El próximo 8 de marzo se conmemora en todo el mundo el Día Internacional de la Mujer, fecha que formalmente señalada por Naciones Unidas en 1975 para el reconocimiento de la lucha de las mujeres por sus derechos y la igualdad. Desde entonces se trata de una reivindicación multitudinaria, que impulsada por el movimiento feminista cuenta con una amplia participación de una grandísima parte de la población.

La situación de pandemia global declarada por la Organización Mundial de la Salud el 11 de marzo de 2020, ha llevado a los gobiernos a adoptar medidas sin precedentes para proteger el derecho a la salud. Actualmente en España y hasta mayo de 2021, está vigente el segundo estado de alarma aprobado por el Congreso en octubre de 2020, que autoriza la adopción de medidas que inciden directamente en el ejercicio de los derechos humanos de las personas.

Con motivo del anuncio de la Delegación de Gobierno de Madrid, el día 4 de marzo, de prohibir todas las manifestaciones comunicadas para los días 7 y 8 de marzo (104 en total), alegando motivos de salud pública, y en base a criterios de recorridos, previsiones de asistencia, lugares de celebración, desplazamientos y lugares de confluencia, el director de Amnistía Internacional, Esteban Beltrán, señala:

«La prohibición generalizada de todas las concentraciones y manifestaciones con motivo del 8M en Madrid es una limitación desproporcionada al derecho de reunión pacífica establecido en el derecho internacional. Cada petición debe evaluarse individualmente».
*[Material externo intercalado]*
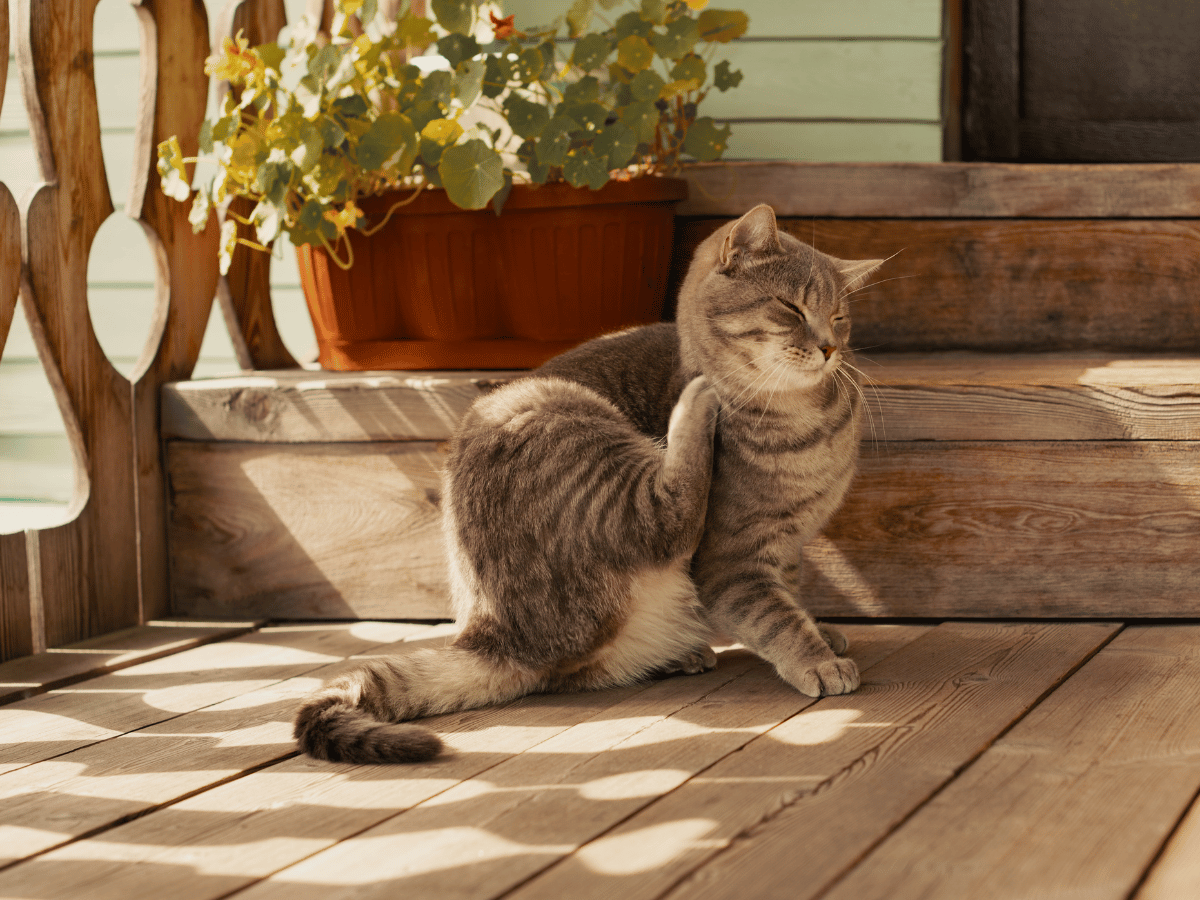 Chat domestique qui se gratte à l'extérieur sur le porche d'une maison. Il est atteint de puces et a besoin des remèdes naturels de cet article!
El Derecho internacional de los derechos humanos reconoce que pueden imponerse restricciones al derecho a la libertad de reunión pacífica para la protección de determinados intereses legítimos, como la salud pública. «Ahora bien, a la hora de decidir si una manifestación puede o no llevarse a cabo por razones de protección de salud pública, las autoridades deben realizar una evaluación caso por caso, que contemple qué medidas pueden adoptarse para prevenir contagios, sin necesidad de prohibir la manifestación en su totalidad. Las prohibiciones de manifestaciones o protestas públicas deben ser una opción de último recurso y solo basada en una necesidad urgente», manifestó Beltrán.

Esta valoración debe contemplar, entre otras cuestiones, que las medidas de confinamiento que afecten a la protesta pública sean aplicadas de forma congruente y consistente con las distintas actividades y desplazamientos que esté permitido llevar a cabo en ese momento. Pero debe ponderarse de forma adecuada la importancia del derecho a la reunión pacífica y la necesidad de la ciudadanía de poder participar en el debate público, especialmente en un escenario de tanta complejidad y con tantas dificultades como el actual.

«Amnistía Internacional no cuestiona las restricciones al ejercicio del derecho a la libertad de circulación en estos momentos de pandemia. Sin embargo, la organización recuerda que cualquier medida que recorte libertades y derechos humanos debe cumplir estrictamente con el criterio de proporcionalidad y necesidad», destacó Esteban Beltrán.

Finalmente, Amnistía Internacional advierte que la prohibición general relativa a la celebración de manifestaciones es contraria al derecho de reunión pacífica. Tal y como recuerda el Relator Especial de Naciones Unidas sobre el derecho a la libertad de reunión pacífica y de asociación, la restricción debe ser la excepción. Los Estados tienen la obligación positiva de proporcionar un entorno propicio, incluso en tiempos de crisis, para la libertad de reunión, lo que incluye medidas para que estas reuniones pacíficas puedan tener lugar libremente y sin restricciones indebidas.